A especialista lembra que, apesar de a hidrelétrica ser binacional, “se não fosse o financiamento do Brasil a Itaipu não existiria”. Além disso, Brasília tem “grande poder diplomático” sobre Assunção.
Essa disparidade deve ser temperada pela visão de política externa do governo de Luiz Inácio Lula da Silva. Na quinta-feira (16), o presidente brasileiro declarou que “o Brasil vai respeitar o Paraguai” durante as negociações da hidrelétrica de Itaipu.
“Tenho certeza que chegaremos a um tratado que levará em conta a realidade dos dois países e muito em conta o respeito que o Brasil tem que ter por um aliado, nosso amado Paraguai”, afirmou Lula durante a cerimônia de posse do novo diretor-geral da empresa, Ênio Verri.
O governo Lula deve retomar o apoio brasileiro ao desenvolvimento socioeconômico de seus vizinhos, política que foi alvo de críticas durante seus mandatos anteriores.
Para críticos, o Brasil teria sido muito leniente em acordos para construir nova linha de transmissão de energia elétrica para Assunção, em negociações sobre gás natural com a Bolívia e na concessão de empréstimos do BNDES para parceiros latino-americanos.
“Um país do tamanho do Brasil, que faz fronteira com quase todos os países da América do Sul, tem que dividir seu crescimento econômico com seus parceiros. Não dá para imaginar um país rico cercado de países pobres por todos os lados”, disse o presidente brasileiro.

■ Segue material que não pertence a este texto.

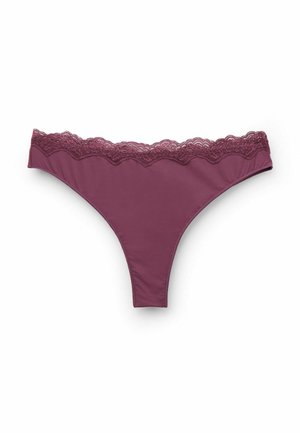 Tanga v bordó barvě se krajkovým lemem a hladkým materiálem, s vlnkovaným okrajem a minimalistickým designem, vhodná pro každodenní nošení.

De acordo com o novo diretor-geral da Itaipu Binacional Ênio Verri, a empresa deve retomar investimentos em áreas sociais e no contato com países vizinhos.
“Lula recomendou focar na integração regional, que é a paixão dele”, disse Verri em entrevista ao Valor Econômico.
“Ele também pediu para retomar o que ficou parado por seis anos, que é o atendimento da população de toda aquela região”, completou Verri.
De acordo com Bressan, o governo Lula deve retomar a agenda ambiental de Itaipu e a finalização do projeto da Universidade Federal da Integração Latino-Americana (UNILA), na cidade de Foz do Iguaçu, no Paraná.
“O novo governo promete maiores investimentos na região […] e nos países vizinhos, utilizando os recursos de Itaipu”, declarou Bressan.
Para atingir esses objetivos, Itaipu deve garantir taxas de lucros sustentáveis e coordenação entre seus diretores brasileiros e paraguaios.
“O tratado entre os dois países é um acordo civilizatório. Provamos que é possível fazer acordos binacionais e definir regras que beneficiem os dois países”, concluiu o presidente Lula durante seu discurso em Itaipu.
No dia 16 de março, Lula esteve presente na cerimônia de posse do novo diretor-geral da hidrelétrica binacional Itaipu.
O presidente do Paraguai, Mario Abdo Benítez, e os chanceleres de ambos os países também marcaram presença no evento realizado na sede da empresa.
Presidente da República, Luiz Inácio Lula da Silva, durante encontro com o presidente da República do Paraguai, Mario Abdo Benítez, e Ênio Verri no Cineteatro dos Barrageiros , em 16 de março de 2023
No dia 28 de fevereiro, Itaipu quitou a última parcela de sua dívida de construção após 50 anos. A quitação não só torna a empresa amortizada, mas também exime o Paraguai do compromisso de vender seu excedente energético exclusivamente à parte brasileira.